- [Task details]: Only what runs from the line with "Colony C starts" to the end of the data should appear in the answer, exactly as written and without pictures.

- [Dataset content]:
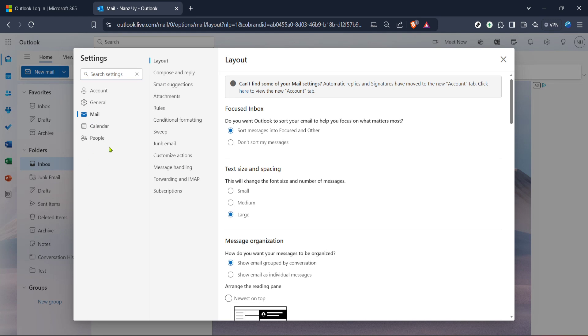In the settings menu, select the Mail category. This is where you'll find several configuration options, but we're interested in the Forwarding and IMAP section, which should be listed among the options. Clicking on Forwarding and IMAP will bring you to a new page with further instructions.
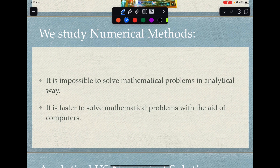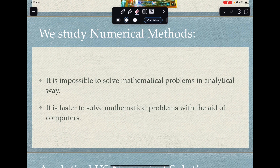It is faster to solve mathematical problems with the aid of computers. We will try to understand how numerical solutions work, and then use some programming tools — not necessarily full programming; we can use Excel to solve problems. Depending on which programming tool you are more confident using, you can use that one, as long as it yields the same output or the same answer.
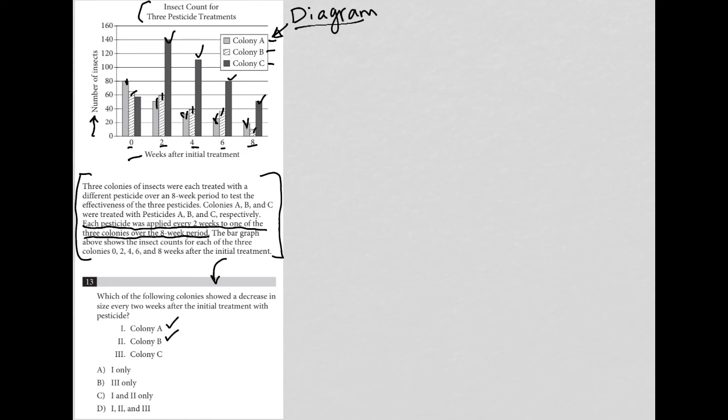Colony C starts here and then goes up, so colony C would not be an answer to this question. It's just A and B, which makes it options one and two, which is answer choice C.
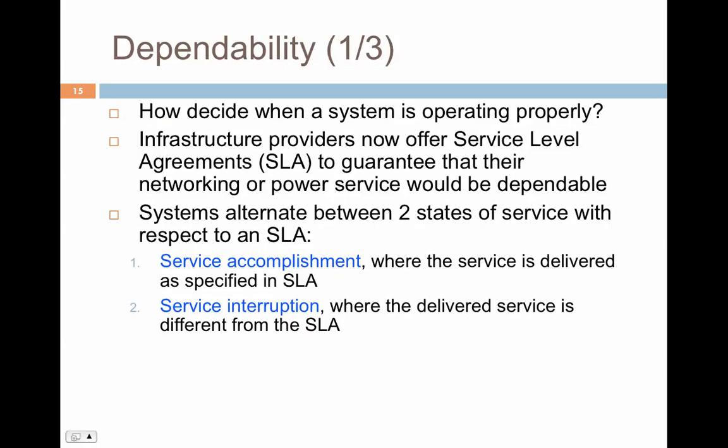You can assume that these systems generally alternate between two states with respect to SLA. The first is service accomplishment, where the service is delivered as specified in the SLA — you are getting uninterrupted service, power delivery is working fine, networking components are working fine, and users are able to connect to the server.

- [Solution to this problem]:
Colony C starts here and then goes up, so colony C would not be an answer to this question. It's just A and B, which makes it options one and two, which is answer choice C.
You can assume that these systems generally alternate between two states with respect to SLA. The first is service accomplishment, where the service is delivered as specified in the SLA — you are getting uninterrupted service, power delivery is working fine, networking components are working fine, and users are able to connect to the server.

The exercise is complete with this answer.